(HOW TO COMPLETE THIS TASK) A verbatim copy of the full data, with no pictures, is the expected answer.

(SUPPLIED INFORMATION)
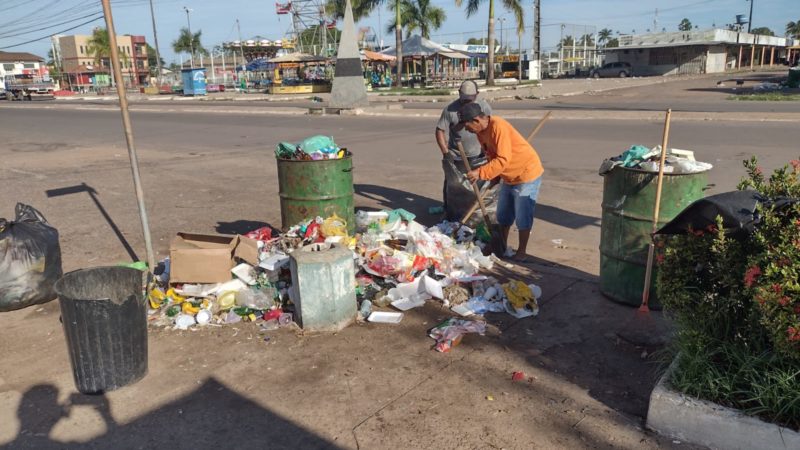 Praça Cívica de Santana recebe limpeza, após jogo final da libertadores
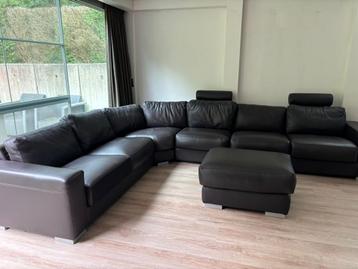 Hoekzetel donkerbruin/zwart 100% leer zo goed als nieuw!! beschikbaar voor biedingen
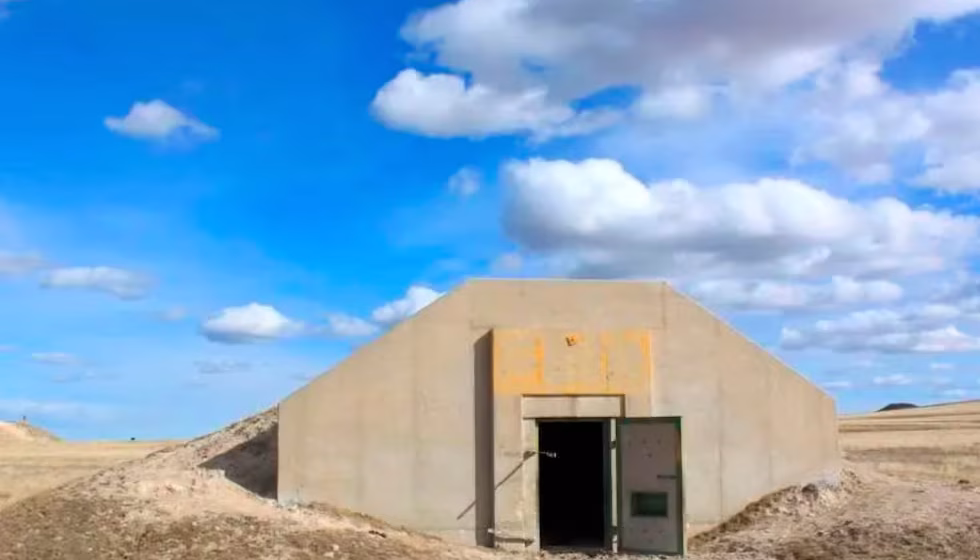 refugio Castillos posapocalípticos del tecnofascismo mundial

(SOLUTION)
 Praça Cívica de Santana recebe limpeza, após jogo final da libertadores
 Hoekzetel donkerbruin/zwart 100% leer zo goed als nieuw!! beschikbaar voor biedingen
 refugio Castillos posapocalípticos del tecnofascismo mundial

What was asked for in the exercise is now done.